What to do:
What you return should be only the lines in the entries below between the one holding "AMD在CES 2023开幕主题演讲中强调高性能和自适应计算的未来" and the one holding "AMD R7大战黑神话！吾空寻梦西游T1 Mini主机上手 第18张", ends included, with every picture left out.

Content starts

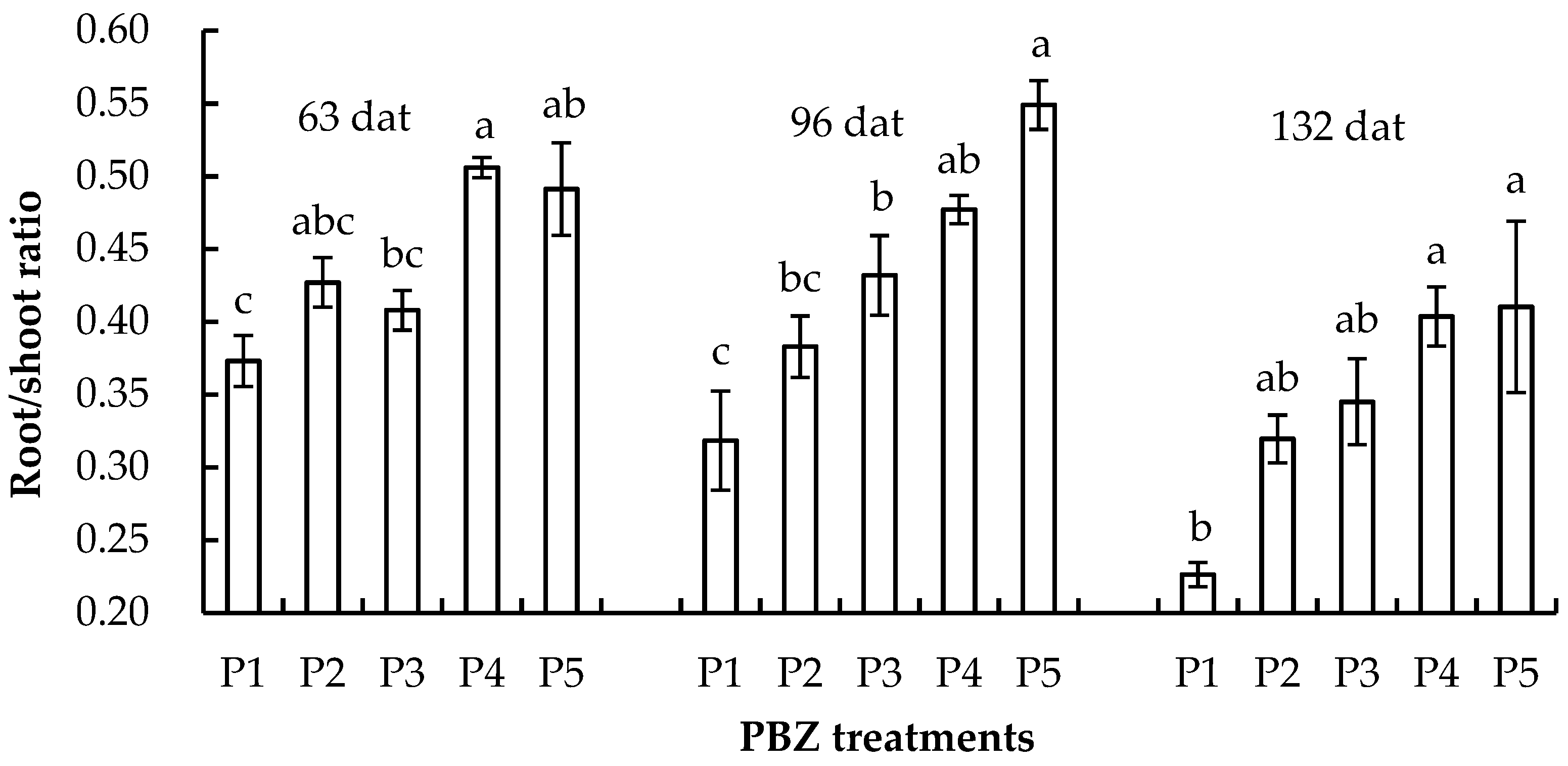Forests 10 00378 g006 Forests 10 00378 g006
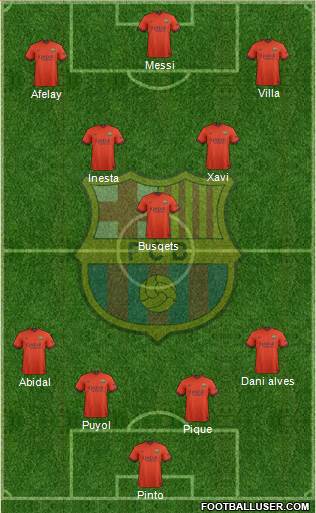 F.C. Barcelona Formation 2015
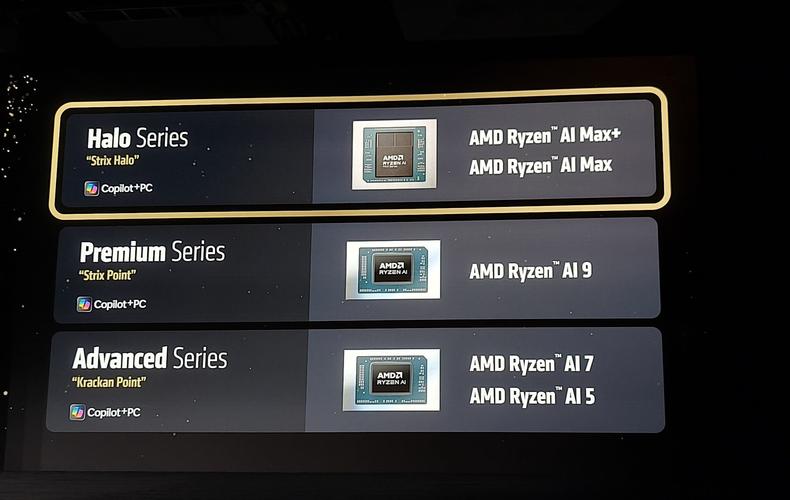 AMD在CES 2023开幕主题演讲中强调高性能和自适应计算的未来
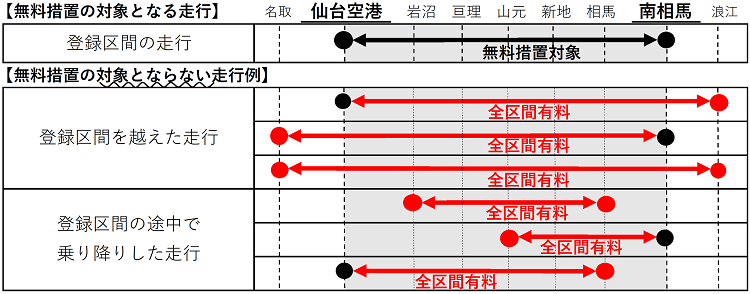 Image if the stated section is [Minamisoma ⇔ Sendai Airport]
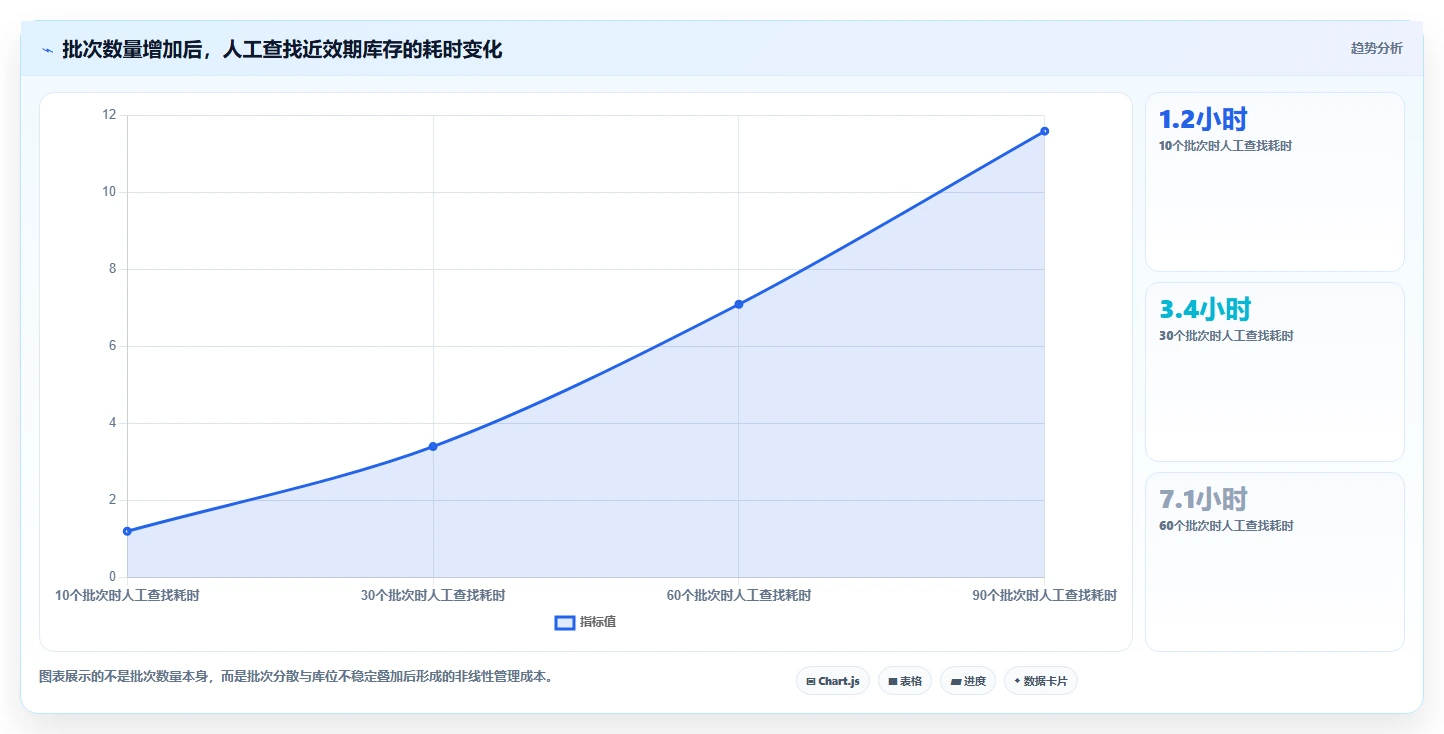 库存出入库:仓库新手对比指南:不同上架管理方案如何影响规范批次追踪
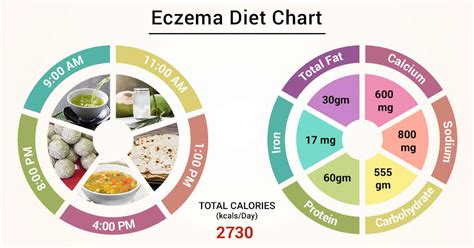 Diet Chart For eczema Patient, Eczema Diet chart | Lybrate.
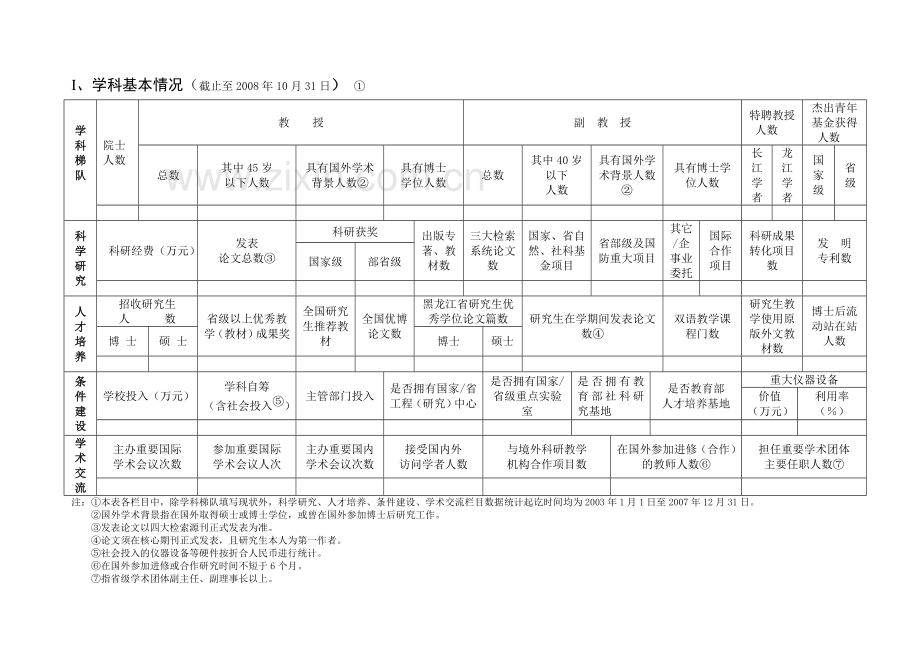 黑龙江八一农垦大学校级重点学科申请表.doc_第3页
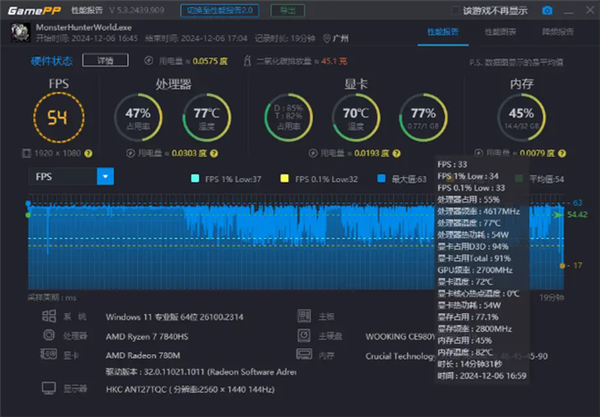 AMD R7大战黑神话！吾空寻梦西游T1 Mini主机上手 第18张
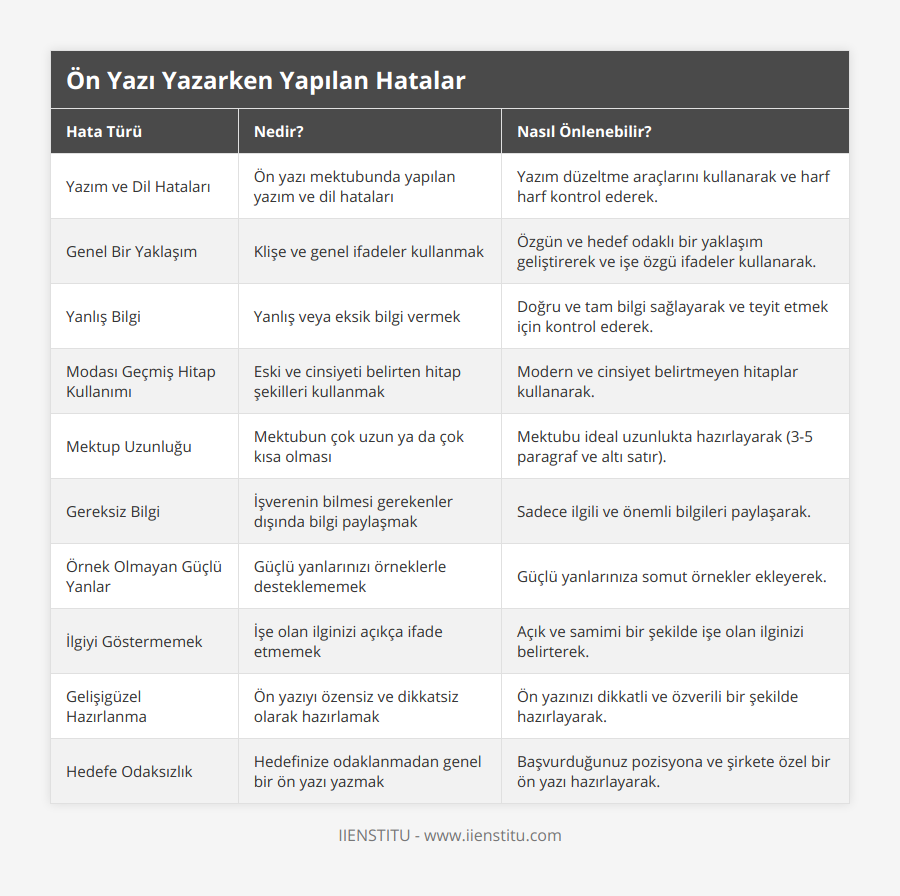 Yazım ve Dil Hataları , Ön yazı mektubunda yapılan yazım ve dil hataları, Yazım düzeltme araçlarını kullanarak ve harf harf kontrol ederek, Genel Bir Yaklaşım, Klişe ve genel ifadeler kullanmak, Özgün ve hedef odaklı bir yaklaşım geliştirerek ve işe özgü ifadeler kullanarak, Yanlış Bilgi, Yanlış veya eksik bilgi vermek, Doğru ve tam bilgi sağlayarak ve teyit etmek için kontrol ederek, Modası Geçmiş Hitap Kullanımı, Eski ve cinsiyeti belirten hitap şekilleri kullanmak, Modern ve cinsiyet belirtmeyen hitaplar kullanarak, Mektup Uzunluğu, Mektubun çok uzun ya da çok kısa olması, Mektubu ideal uzunlukta hazırlayarak (3-5 paragraf ve altı satır), Gereksiz Bilgi, İşverenin bilmesi gerekenler dışında bilgi paylaşmak, Sadece ilgili ve önemli bilgileri paylaşarak, Örnek Olmayan Güçlü Yanlar, Güçlü yanlarınızı örneklerle desteklememek, Güçlü yanlarınıza somut örnekler ekleyerek, İlgiyi Göstermemek, İşe olan ilginizi açıkça ifade etmemek, Açık ve samimi bir şekilde işe olan ilginizi belirterek, Gelişigüzel Hazırlanma, Ön yazıyı özensiz ve dikkatsiz olarak hazırlamak, Ön yazınızı dikkatli ve özverili bir şekilde hazırlayarak, Hedefe Odaksızlık, Hedefinize odaklanmadan genel bir ön yazı yazmak, Başvurduğunuz pozisyona ve şirkete özel bir ön yazı hazırlayarak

Content ends

Reply to the task:
 AMD在CES 2023开幕主题演讲中强调高性能和自适应计算的未来
 Image if the stated section is [Minamisoma ⇔ Sendai Airport]
 库存出入库:仓库新手对比指南:不同上架管理方案如何影响规范批次追踪
 Diet Chart For eczema Patient, Eczema Diet chart | Lybrate.
 黑龙江八一农垦大学校级重点学科申请表.doc_第3页
 AMD R7大战黑神话！吾空寻梦西游T1 Mini主机上手 第18张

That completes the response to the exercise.